# 1. Deep Supervised Hashing
While brushing up on algorithms I started to wonder if there was any research into estimating hash functions with Deep Learning. I discovered there has been a lot of interesting research, with much of it covered in [A Survey of Deep Hashing Methods (2022)](https://arxiv.org/pdf/2003.03369.pdf). In this notebook I implemented one supervised pairwise deep hashing methodology described in [Deep Supervised Hashing for Fast Image Retrieval (2016)](https://www.cv-foundation.org/openaccess/content_cvpr_2016/papers/Liu_Deep_Supervised_Hashing_CVPR_2016_paper.pdf). The original model was developed using Caffe - how times have changed! In this notebook I use Tensorflow and make some minor changes to the original methodology, described below. Also I analyze the MNIST dataset to keep the analysis quick, since the primary purpose is to improve my understanding of image hashing and not push the limits of my GPU.

In [310]:
import numpy as np
import tensorflow as tf
from tensorflow import keras
from tensorflow.keras import datasets, layers, models
from scipy.spatial.distance import hamming

mnist = datasets.mnist
(X_train, y_train), (X_test, y_test) = mnist.load_data()
X_train, X_test = X_train/255, X_test/255
X_train = tf.expand_dims(X_train, axis=-1)
X_test = tf.expand_dims(X_test, axis=-1)

# 2. Model structure
I use a model structure similar to the one described in the paper. Since the MNIST I'm analyzing is simpler than CIFAR-10 data used in the paper my model contains one fewer convolutional layer and fewer filters per layer. Additionally my first fully connected layer has only 128 nodes and I generate 17 outputs - enough to encode roughly twice the number of images in my sample. Finally I use tanh activation for the final layer to approximate the quantization step. In total this model contains 9,137 parameters.

In [317]:
model = models.Sequential()
model.add(layers.Conv2D(12, (5, 5), activation='relu', input_shape=(28, 28, 1)))
model.add(layers.MaxPooling2D((3, 3)))
model.add(layers.Conv2D(8, (5, 5), activation='relu'))
model.add(layers.AveragePooling2D((2, 2)))
model.add(layers.Flatten())
model.add(layers.Dense(128, activation='relu'))
model.add(layers.Dense(17, activation='tanh'))
model.summary()

Model: "sequential_12"
_________________________________________________________________
Layer (type)                 Output Shape              Param #   
conv2d_24 (Conv2D)           (None, 24, 24, 12)        312       
_________________________________________________________________
max_pooling2d_12 (MaxPooling (None, 8, 8, 12)          0         
_________________________________________________________________
conv2d_25 (Conv2D)           (None, 4, 4, 8)           2408      
_________________________________________________________________
average_pooling2d_12 (Averag (None, 2, 2, 8)           0         
_________________________________________________________________
flatten_12 (Flatten)         (None, 32)                0         
_________________________________________________________________
dense_24 (Dense)             (None, 128)               4224      
_________________________________________________________________
dense_25 (Dense)             (None, 17)              

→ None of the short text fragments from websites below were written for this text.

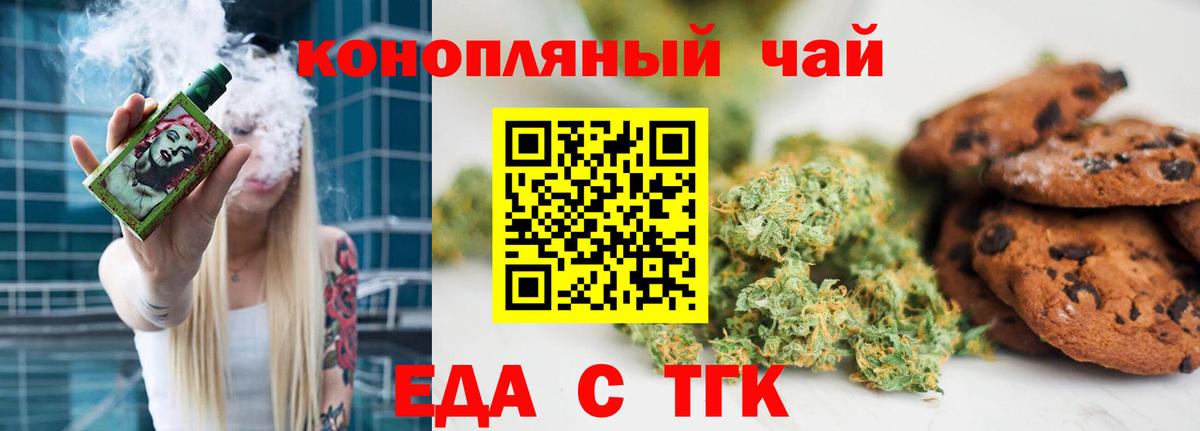 Новокубанск  Еда ТГК конопля  Вход с VPN 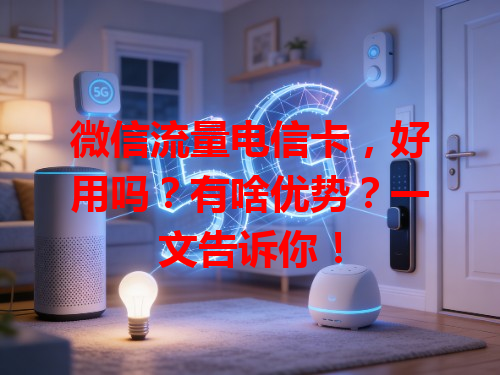 微信流量电信卡，好用吗？有啥优势？一文告诉你！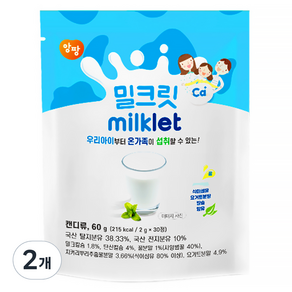 enfant 유아용 밀크릿 우유 캔디 30p, 60g, 2개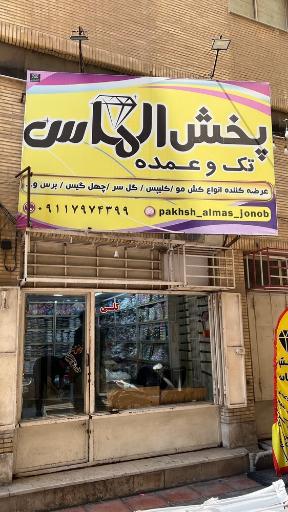 عکس پخش الماس جنوب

# 3. Estimation methodology
I use the loss function described in the paper, except without regularization. For each batch I calculate the pairwise distance between each pair of hashes. If a pair of hashes shares a label, the distance should be low. If a pair of hashes have different labels, the distance should be high. Also the magnitude of the similarity between labels should be reflected in their respective hashes.

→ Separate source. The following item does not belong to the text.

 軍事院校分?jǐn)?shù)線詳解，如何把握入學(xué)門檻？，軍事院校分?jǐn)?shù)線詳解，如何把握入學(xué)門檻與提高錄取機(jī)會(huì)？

I run 10 training epochs using the adam optimizer and a batch size of 128.

In [318]:
def deephashloss(y_true, y_pred):
    m = 34
    y_true = tf.cast(tf.equal(y_true, tf.transpose(y_true)), y_pred.dtype)
    D = tf.reduce_sum((tf.expand_dims(y_pred, 1)-tf.expand_dims(y_pred, 0))**2,2) # pairwise distances
    hashloss = tf.reduce_sum(tf.math.multiply(y_true, D) + tf.math.multiply(1-y_true, tf.maximum(m-D,0)), axis=1)
    return hashloss*0.5

model.compile(optimizer='adam', loss=deephashloss)
history = model.fit(X_train, y_train, batch_size=128, epochs=10, validation_data=(X_test, y_test))

Epoch 1/10
Epoch 2/10
Epoch 3/10
Epoch 4/10
Epoch 5/10
Epoch 6/10
Epoch 7/10
Epoch 8/10
Epoch 9/10
Epoch 10/10


# 4. Model performance
To evaluate model performance I evaluate the hashes among labels in the test sample. First I calculate the median hash within each label. Then I calculate the hamming distance between each pair of labels. I find that the hashes for images containing the number "4" and those containing the number "9" have the smallest hamming distance of 2. While those containing the number "0" and the number "1" have the highest hamming distance of 15. These results are consistent with my expectations about the relative similarity between the images of these numbers.

In [321]:
y_test_fit = model.predict(X_test)
y_test_fit = np.where(y_test_fit>0,1,0)

# compute median hash code for each label
median_hash = [np.median(y_test_fit[y_test==n],axis=0) for n in range(10)]

hash_distance = {}
for i in range(10):
    for j in range(i+1,10):
        hash_distance[(i,j)] = hamming(median_hash[i],median_hash[j])*len(median_hash[i])

print("Hamming distance", max(hash_distance,key=hash_distance.get), "=", max(hash_distance.values()))
print("Hamming distance", min(hash_distance,key=hash_distance.get), "=", min(hash_distance.values()))

Hamming distance (0, 1) = 15.0
Hamming distance (4, 9) = 2.0